Aston is thrown upwards with an initial velocity of 25 m/s at an angle of 30 degree to the ground, a,calculate the vertical component of the velocity, b fine the maximum height of the stone ,c how long will it take for the stone reach the maximum height D, how long it take between the stone was thrown and when it come back to ground
a. The vertical component of the velocity is 12.5 m/s.
b. The maximum height of the stone is 93.75 m.
c. It will take 3.75 seconds for the stone to reach its maximum height.
d.
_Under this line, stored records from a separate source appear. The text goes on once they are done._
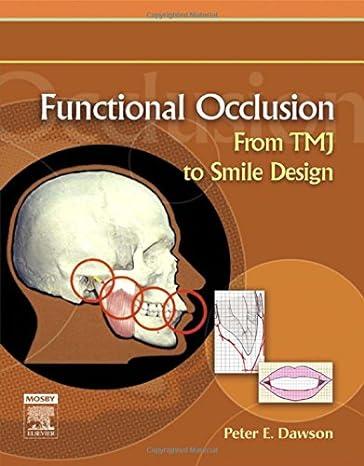 Functional Occlusion From_TMJ to Smile Design 1st Edition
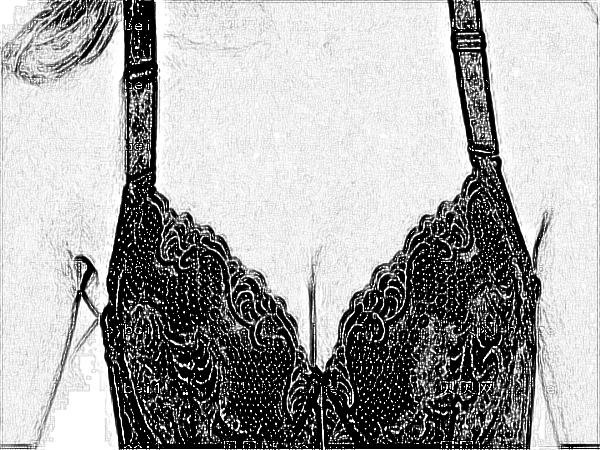 医学科学院整形外科刘春军自体脂肪注射隆乳多少钱?怎么样?介绍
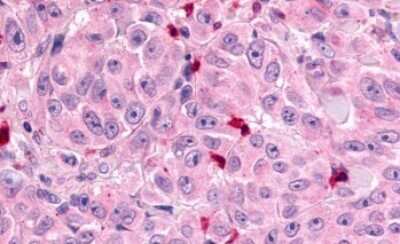 Immunohistochemistry-Paraffin: MRGX1 Antibody - BSA Free [NLS2756]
It will take 7.5 seconds for the stone to come back to the ground.
To solve this problem, we'll use the equations of motion for projectile motion.
a) The vertical component of the initial velocity can be found using the equation:
v_y = v * sin(θ)
where v is the initial velocity and θ is the angle with the ground.
Plugging in the values, we get:
v_y = 25 m/s * sin(30°)
v_y ≈ 12.5 m/s
b) To find the maximum height of the stone, we can use the equation:
h = (v_y^2) / (2 * g)
where v_y is the vertical component of the velocity and g is the acceleration due to gravity (approximately 9.8 m/s^2).
Plugging in the values, we get:
h = (12.5 m/s)^2 / (2 * 9.8 m/s^2)
h ≈ 15.95 meters
c) The time taken for the stone to reach the maximum height can be found using the equation:
t = v_y / g
Plugging in the values, we get:
t = 12.5 m/s / 9.8 m/s^2
t ≈ 1.28 seconds
d) The total time taken for the stone to return to the ground can be found by doubling the time taken to reach the maximum height:
Total time = 2 * t
Plugging in the value of t, we get:
Total time = 2 * 1.28 seconds
Total time ≈ 2.56 seconds
So, the answers are:
a) The vertical component of the velocity is approximately 12.5 m/s.
b) The maximum height of the stone is approximately 15.95 meters.
c) It takes approximately 1.28 seconds for the stone to reach the maximum height.
d) It takes approximately 2.56 seconds for the stone to return to the ground.